* **WHAT YOU WILL DO**
Could you set down exactly the lines in the records below between the line holding "Hispanic, Asian, African" and the line holding "gonorrhea, and chlamydia.", inclusive?

* **RECORDS TO PROCESS**
"""

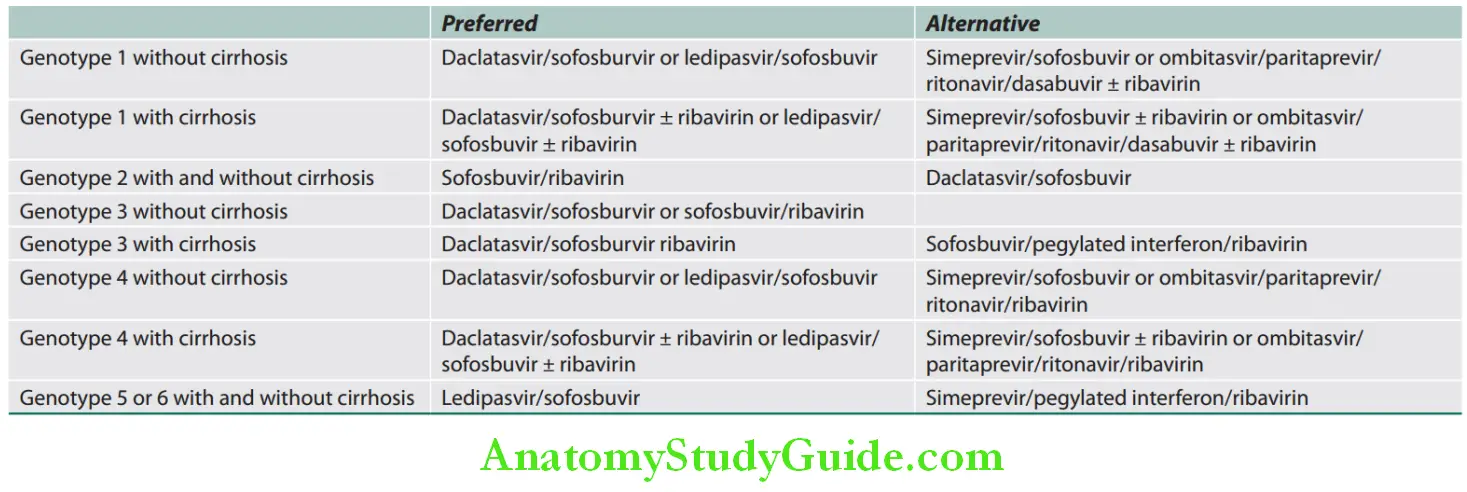 Hepatobiliary System Antivirals for HCV infection in treatment-naive patients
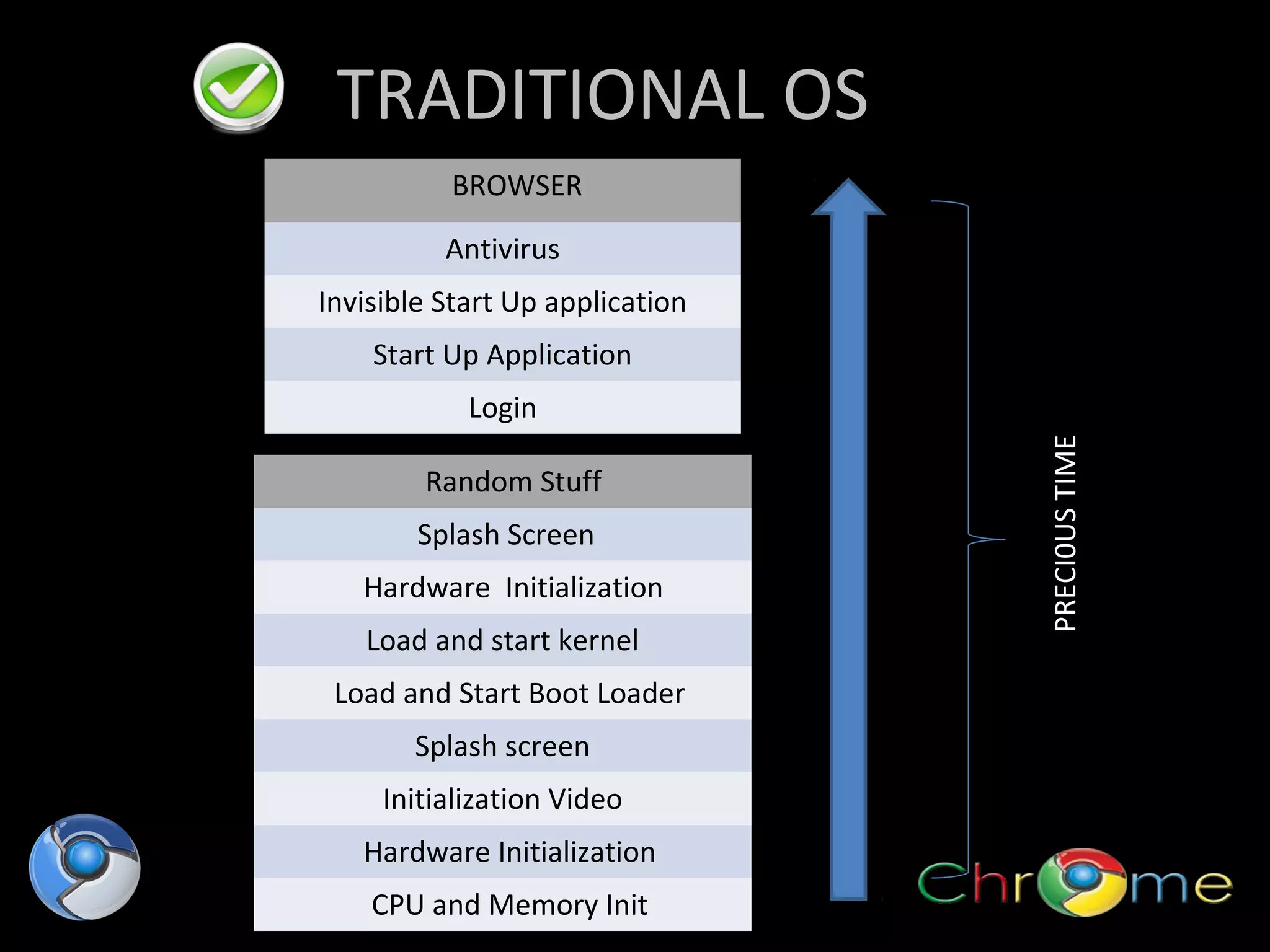 TRADITIONAL OS
BROWSER
Antivirus
Invisible Start Up application
Start Up Application

Random Stuff
Splash Screen
Hardware Initialization
Load and start kernel
Load and Start Boot Loader
Splash screen
Initialization Video
Hardware Initialization
CPU and Memory Init

PRECI0US TIME

Login

 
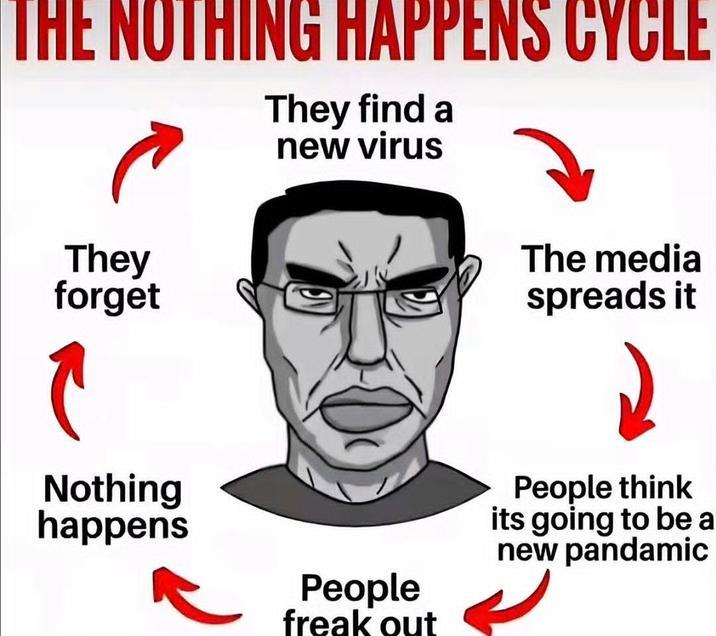 THE NOTHING HAPPENS CYCLE They find a new virus They forget Nothing happens People freak out The media spreads it People think its going to be a new pandamic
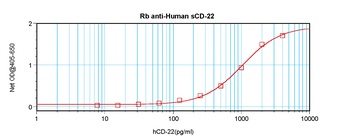 CD22 Antibody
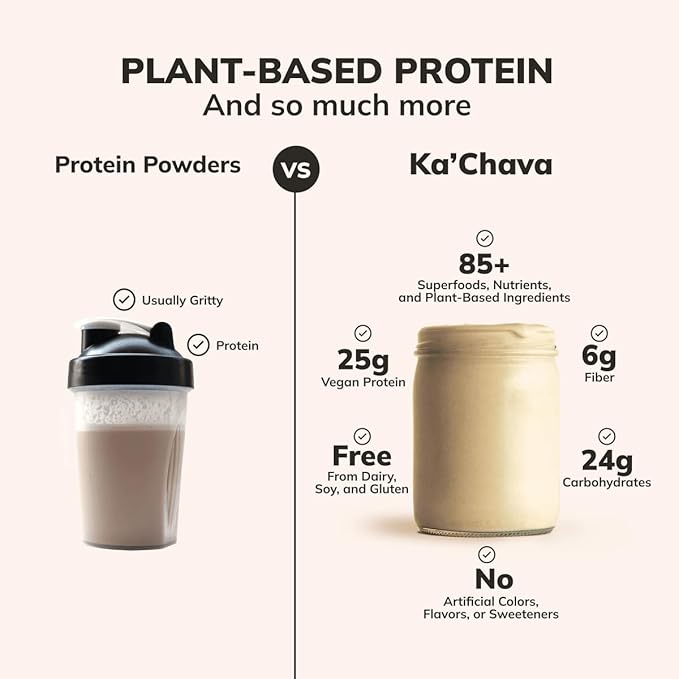 Ka’Chava All-In-One Nutrition Shake Blend, 5 Flavor Sample Pack, 5 Servings, 85+ Superfoods & Nutrients, Meal Replacement, Greens Plant-Based Superfood Powder Protein Drink, Digestive Enzymes & Probiotics, Vegan Dairy Gluten Free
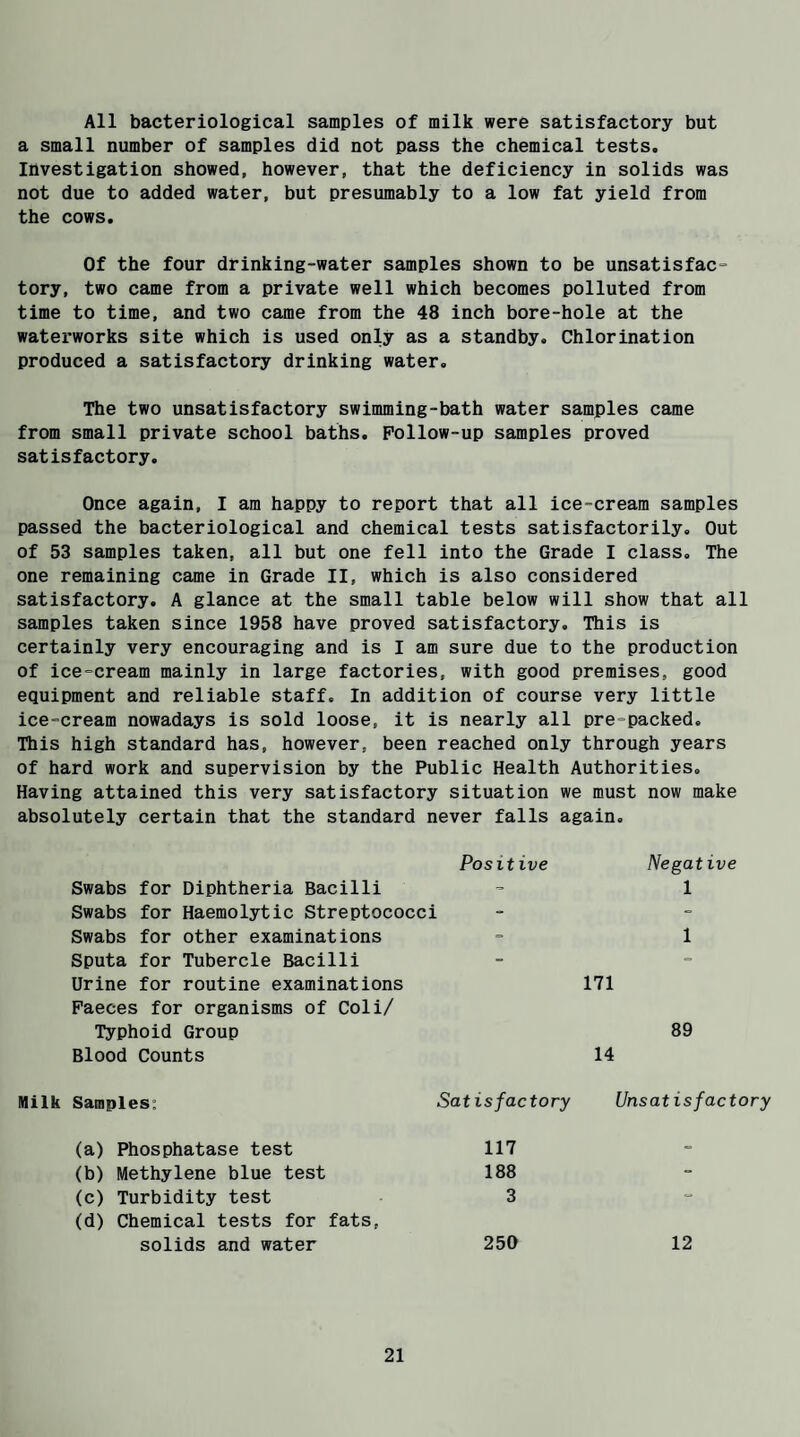All bacteriological samples of milk were satisfactory but a small number of samples did not pass the chemical tests. Investigation showed, however, that the deficiency in solids was not due to added water, but presumably to a low fat yield from the cows. Of the four drinking-water samples shown to be unsatisfac¬ tory, two came from a private well which becomes polluted from time to time, and two came from the 48 inch bore-hole at the waterworks site which is used only as a standby. Chlorination produced a satisfactory drinking water. The two unsatisfactory swimming-bath water samples came from small private school baths. Follow-up samples proved satisfactory. Once again, I am happy to report that all ice-cream samples passed the bacteriological and chemical tests satisfactorily. Out of 53 samples taken, all but one fell into the Grade I class. The one remaining came in Grade II, which is also considered satisfactory. A glance at the small table below will show that all samples taken since 1958 have proved satisfactory. This is certainly very encouraging and is I am sure due to the production of ice-cream mainly in large factories, with good premises, good equipment and reliable staff. In addition of course very little ice-cream nowadays is sold loose, it is nearly all pre-packed. This high standard has, however, been reached only through years of hard work and supervision by the Public Health Authorities. Having attained this very satisfactory situation we must now make absolutely certain that the standard never falls again. Swabs for Diphtheria Bacilli Swabs for Haemolytic Streptococci Swabs for other examinations Sputa for Tubercle Bacilli Urine for routine examinations Faeces for organisms of Coli/ Positive Negative 1 1 171 Typhoid Group Blood Counts 89 14 Milk Samples: Satisfactory Unsatisfactory (a) Phosphatase test (b) Methylene blue test (c) Turbidity test (d) Chemical tests for fats. 117 188 3 solids and water 250 12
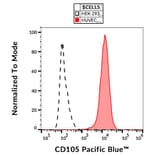 Flow Cytometry - Anti-CD105 Antibody [MEM-226] (Pacific Blue) (A18709) - Antibodies.com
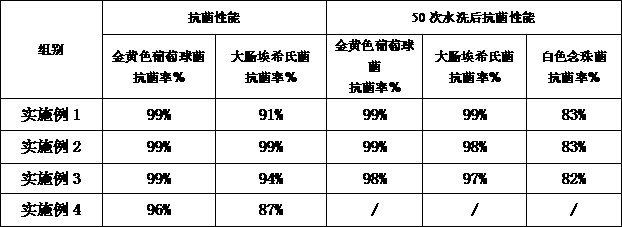 Multicolor graphene antibacterial liquid as well as preparation method and application thereof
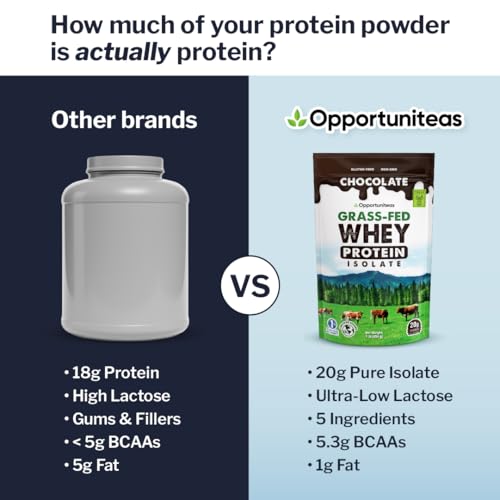 Image of Opportuniteas Grass Fed Chocolate Whey Isolate Protein Powder - 20 g Protein, Heavy-Metal Tested, Made with Organic Cacao & Organic Cane Sugar, Non-GMO, Hormone-Free, Sourced from Ireland, 1 lb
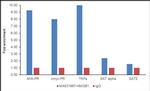 HMGB1 Antibody in ChIP Assay (ChIP)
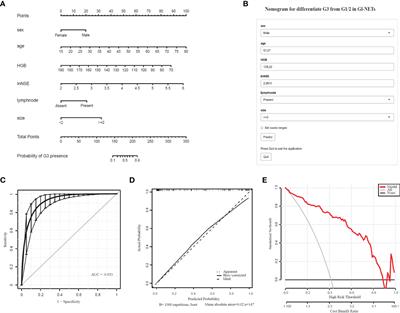 Nomogram for preoperative estimation of histologic grade in gastrointestinal neuroendocrine tumors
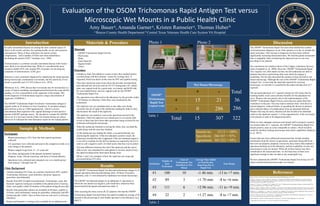 Evaluation of the OSOM Trichomonas Rapid Antigen Test versus
Microscopic Wet Mounts in a Public Health Clinic
Amy Bauera, Amanda Garnera, Kristen Ramseiera, Thomas Huberb
a Brazos County Health Department b Central Texas Veterans Health Care System VA Hospital
+ -
+ 15 21
- 0 286
Wet Mount Microscopy
OSOM®
Trichomonas
Rapid Test
(vaginal swab)
Total 15 307 322
Total
36
286
Sensitivity: 15/15 = 100%
Specificity: 286/307 = 93%
Agreement: 301/322 = 94%
Technician
Number of
Tests
Performed
Cases of
Trichomonas Not
Identified on Wet
Mount
Average Time Added
to Final Results
Reporting Due to
Rapid Test
Time Range
#1 100 10 -1.46 min. -13 to +7 min.
#2 89 3 +1.70 min. -8 to +6 min.
#3 111 6 +2.96 min. -11 to +9 min.
#4 22 2 +1.27 min. -8 to +7 min.
Sample & Methods
Participants
- Women presenting to STI Clinic that had vaginal specimens
collected.
- 322 specimens were collected and used in the comparison study at no
extra charge to the patients.
- Women ranged in age from 14 – 61 years old.
- The ethnic backgrounds of the patients included Caucasian,
Hispanic, Asian, African American, and those of mixed ethnicity.
- Specimens were collected and compared over a six month period
from January 1 through June 30.
Clinic Background
- Females attending STI Clinic are routinely checked for HIV, syphilis,
Trichomonas infections, yeast infections, bacterial vaginosis,
gonorrhea, and chlamydia.
- Results from HIV (if rapid test performed), Trichomonas, yeast, and
bacterial vaginosis testing are available to the patient prior to leaving
clinic, and usually within 20 minutes of the patient seeing the provider.
- Results from gonorrhea cultures are available in 48 hours, syphilis in
24 hours, and confirmatory testing for gonorrhea, chlamydia, and HIV
testing typically within 7 days as these tests are sent out to a reference
laboratory.
- Herpes and Hepatitis C testing is also available for an additional fee.
Results
The OSOM® Trichomonas Rapid Test detected trichomonas antigen in 36
vaginal specimens that presented during clinic. Of those 36 positive
specimens, only 15 were detected by traditional wet mount microscopy.
The OSOM® test detected antigen in an additional 21 specimens in
which the wet mount was negative, and would have otherwise been
missed and left the patient untreated (see table 1).
After assessing the times across all 322 patients who had the OSOM®
Trichomonas Rapid Test performed, the rapid test added an average of 68
seconds to the processing of each female specimen in the laboratory (see
table 2).
Discussion
The OSOM® Trichomonas Rapid Test more than doubled the number
of trichomoniasis diagnoses in our clinic patients over the six months the
study took place. This increase in diagnosis has been done without
significantly increasing turnaround times. We find the greater turnaround
time is negligible when considering the improved care we are now
providing to our patients.
Our conclusions are similar to those of the Calgary Laboratory Services
study (Campbell et. al., 2008). Since the OSOM® Trichomonas Rapid
Test requires very little hands-on time, the lab technicians are able to
dedicate that time to performing other tests while the antigen is
incubating. The test also decreased the amount of time devoted to wet
mount microscopy. Although the cost of the OSOM® Trichomonas Rapid
Antigen Test is more than the materials required for wet prep
microscopy, we feel that it is justified by the improved detection of T.
vaginalis.
The increased detection of T. vaginalis during our STI clinics has far
reaching health, social, and economic benefits for the population we
serve. Women who test positive due to the implementation of the
OSOM® Trichomonas Rapid Test are receiving care earlier than they
would have in the past. This may lead to reduced clinic visits due to a
missed diagnosis, reduced chance of spreading the disease to partners,
and a reduced chance of complications from an untreated infection.
Women who may be newly infected will also be able to be identified
earlier as the rapid test requires ¼ of the organisms/mL of the wet mount
to be present in order to be diagnosed positive.
While we have adequate resources and trained staff to properly examine
wet mount slides for T. vaginalis, the OSOM® Trichomonas Rapid Test
detects positive cases at a rate comparable to culture, which would be
useful for facilities lacking microscopic and culture capabilities (Khatoon
et. al., 2015).
Factors that may have influenced turnaround time include needing
clarification from the nurses on specimens, specimens being delivered
that were not properly prepared, excessively busy clinics that resulted in
specimens backing up in the laboratory, and the availability of only one
microscope to read wet mounts. While all of these factors may have
contributed to the turnaround time, we feel that none of them were
significant enough to alter our data in any meaningful way.
We have instituted the OSOM® Trichomonas Rapid Test during our STI
clinics and discontinued microscopic wet mounts.
Table 1
Table 2
Materials & Procedure
References
Bauer A., Garner A. STD Clinic Procedures. Bryan: Brazos County Health Department, 2014. Print.
Campbell, L., Woods, V., Lloyd, T., Elsayed, S., Church, D. L. “Evaluation of the OSOM Trichomonas Rapid Test versus Wet Preparation
Examination for Detection of Trichomonas vaginalis Vaginitis in Specimens from Women with a Low Prevalence of Infection.” Journal of
Clinical Microbiology 46.10 (2008): 3467-3469. Print.
Gerbase, A.C., Rowley, J.T., Heymann, D.H.L., Berkley, S.F.B., Piot, P. “Global prevalence and incidence estimates of selected curable STDs.”
Sexually Transmitted Infections 74.Suppl 1 (1998): S12-S16. Print.
Khatoon, R., Jahan, N., Ahmad, S., Khan, H. M., Rabbani, T. “Comparison of four diagnostic techniques for detection of Trichomonas vaginalis
infection in females attending tertiary care hospital of North India.” Indian Journal of Pathology and Microbiology 58.1 (2015): 36-39. Print.
Ohlemeyer, C. L., Hornberger, L. L., Lynch, D. A., Swierkosz, E. M. “Diagnosis of Trichomonas vaginalis in Adolescent Females: InPouch TV®
Culture Versus Wet-Mount Microscopy.” Journal of Adolescent Health 22.3 (1998): 205-208. Print.
Secor, W. E., Meites, E., Starr, M. C., Workowski, K. A. “Neglected Parasitic Infections in the United States: Trichomoniasis.” The American
Journal of Tropical Medicine and Hygiene 90.5 (2014): 800-804. Print.
Sekisui Diagnostics. OSOM® Trichomonas Rapid Test Package Insert. San Diego: Sekisui Diagnostics, LLC, 2013. Print.
“Trichomoniasis - CDC Fact Sheet.” CDC. CDC, 28 April 2015. Web. 14 August 2015.
Photo 1 Photo 2
Materials
- OSOM® Trichomonas Rapid Test Kit
- Microscope
- Slides
- Gram Stain Kit
- Vaginal Swabs
- Timers
Procedure
- Females at clinic first talked to a nurse to have their medical history
recorded along with their primary reason for visiting clinic. If
requested, blood was drawn at this time for HIV and syphilis testing.
- They then entered an exam room where the provider screened them
and collected one cervical swab for GC/CT testing and a GC culture
plate, one vaginal swab for a gram stain, wet mount, and KOH slide
for yeast identification, and one vaginal swab for the OSOM®
Trichomonas Rapid Test.
- The specimens were delivered to the laboratory by the provider within
5-10 minutes of collection, where they were examined by the
technicians.
- The rapid test was run simultaneously as the slides were being
reviewed, but out of sight of the technician reading the slides so they
did not know the result of the rapid test.
- The rapid test was started as soon as the specimens arrived in the
laboratory. Often the rapid test was started prior to wet mount slide
review as there may have been other specimens being reviewed by the
technician utilizing the microscope.
- When the technician finished reviewing the slides, they recorded the
results along with the time they finished.
- As the technician was reading the slides, a second technician was
monitoring the rapid test. If the test indicated a positive result, the
technician recorded the time it appeared. If the test remained negative,
it was left to incubate for the full ten minutes as required by the kit in
order to call a negative result. At which point, that time was recorded.
- The time difference between the end of the rapid test and the end of
slide review was calculated for each patient to see how much (if any)
the rapid test delayed the final report during clinic.
- Photos 1 and 2 are examples of how the rapid test was setup and
processed during STI clinic.
Introduction
Sexually transmitted diseases are among the most common causes of
illness in the world, and have far reaching health, social, and economic
consequences. Many of these infections can lead to serious
complications, “and a number of STDs have been identified as
facilitating the spread of HIV” (Gerbase et al., 1998).
Trichomoniasis is a common sexually transmitted disease with women
more likely to be infected than men. While it’s considered the most
common curable STD, only around 30% of people ever develop any
symptoms of trichomoniasis. (CDC.gov)
Infection is most commonly diagnosed by identifying the motile parasite
during microscopic examination (wet mount), but the sensitivity of wet
mount is generally poor (51-65%) (Secor et al., 2014).
Ohlemeyer et al., 1998, discuss that wet mounts may be misread due to a
variety of factors including a prolonged period between the exam and the
reading, or a low concentration of the organisms in the sample. Wet
mount diagnosis of trichomoniasis requires a large concentration of
organisms (10,000/mL).
The OSOM® Trichomonas Rapid Test detects Trichomonas antigen in
vaginal swabs in 10 minutes (or less if positive). It can detect antigen
derived from as few as 2,500 organisms/mL, which is a lower
concentration than expected in the vaginal discharge of most positive
patients (OSOM® package insert). We decided to evaluate the OSOM®
test to see if it was more sensitive than wet mounts during our clinics,
and to see if it delayed the final laboratory report for the waiting patient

"""

* **RESPONSE TO THIS TASK**
Hispanic, Asian, African American, and those of mixed ethnicity.
- Specimens were collected and compared over a six month period
from January 1 through June 30.
Clinic Background
- Females attending STI Clinic are routinely checked for HIV, syphilis,
Trichomonas infections, yeast infections, bacterial vaginosis,
gonorrhea, and chlamydia.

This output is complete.